So for the close-knit group that I know from that community, we have to be a lot more intentional now if we want to maintain those relationships. So sometimes friends will host at their place, which is always a lovely experience. And then the community gets bigger and it's the significant others or the friends that get invited in. And even within the past month, I was the one doing the hosting for someone in the community, a good friend, her partner, was her 50th birthday. So I invited people over, extended friends came, and I just got the chance to reconnect with old friends, as well as kind of enter into conversation and get to know people that are part of that group and open up arms to have like an even bigger gathering. So it's just being intentional to maintain those friendships. And that was a really like warm welcoming experience to keep those relationships going and to extend them as well.

Christine (:

This is so wonderful. And it's not a given when you meet a group of people that magic will operate. You actually never know if this is going to happen and if it can last in time. And sometimes I think it's fine that some magical moments are just what they are for when it happens. But then when you're able to sustain something like that with the busy lives that we have, it takes, like you were saying, intentionality and dedication. That's wonderful.

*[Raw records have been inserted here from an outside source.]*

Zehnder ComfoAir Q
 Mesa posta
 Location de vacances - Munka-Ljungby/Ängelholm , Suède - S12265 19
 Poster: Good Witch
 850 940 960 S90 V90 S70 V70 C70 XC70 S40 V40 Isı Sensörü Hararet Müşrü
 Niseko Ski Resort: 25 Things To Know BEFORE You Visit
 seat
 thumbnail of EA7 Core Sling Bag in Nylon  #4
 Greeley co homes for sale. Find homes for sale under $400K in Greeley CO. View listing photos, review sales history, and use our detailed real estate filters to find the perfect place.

So let's move on to the core of our conversation. So Noel's burning question, but just before I would love to introduce you Noel. So mother of two, a master of the 20 minute meal, generational weaver, gardener, soul sister to many and lover of the light.

Noel. Okay, tell me more about your thought leadership in sustainable finance. Tell me more about that because that's when I met you, that's where I met you and I've always been so impressed on how you leverage something like personal finances to create change in the world. And I would love if you could say a bit more about it.

Noel (:

Sure. I think that growing up in Hawaii, coming from islands, I think that it just gives you a sense of resources and shared resources that we have a responsibility to each other and to the place that we're from. And so when we talk about personal finances and oftentimes there's a focus on transactional and accumulation and it becomes very separate from the human experience and what we actually experience in terms of the way that we manage resources in community. So when we're looking out for each other, when we are providing for each other. And so where we've tried to weave in that shared reality as Islanders, that's been the premise from which we've built a whole practice around talking about what shared resources look like.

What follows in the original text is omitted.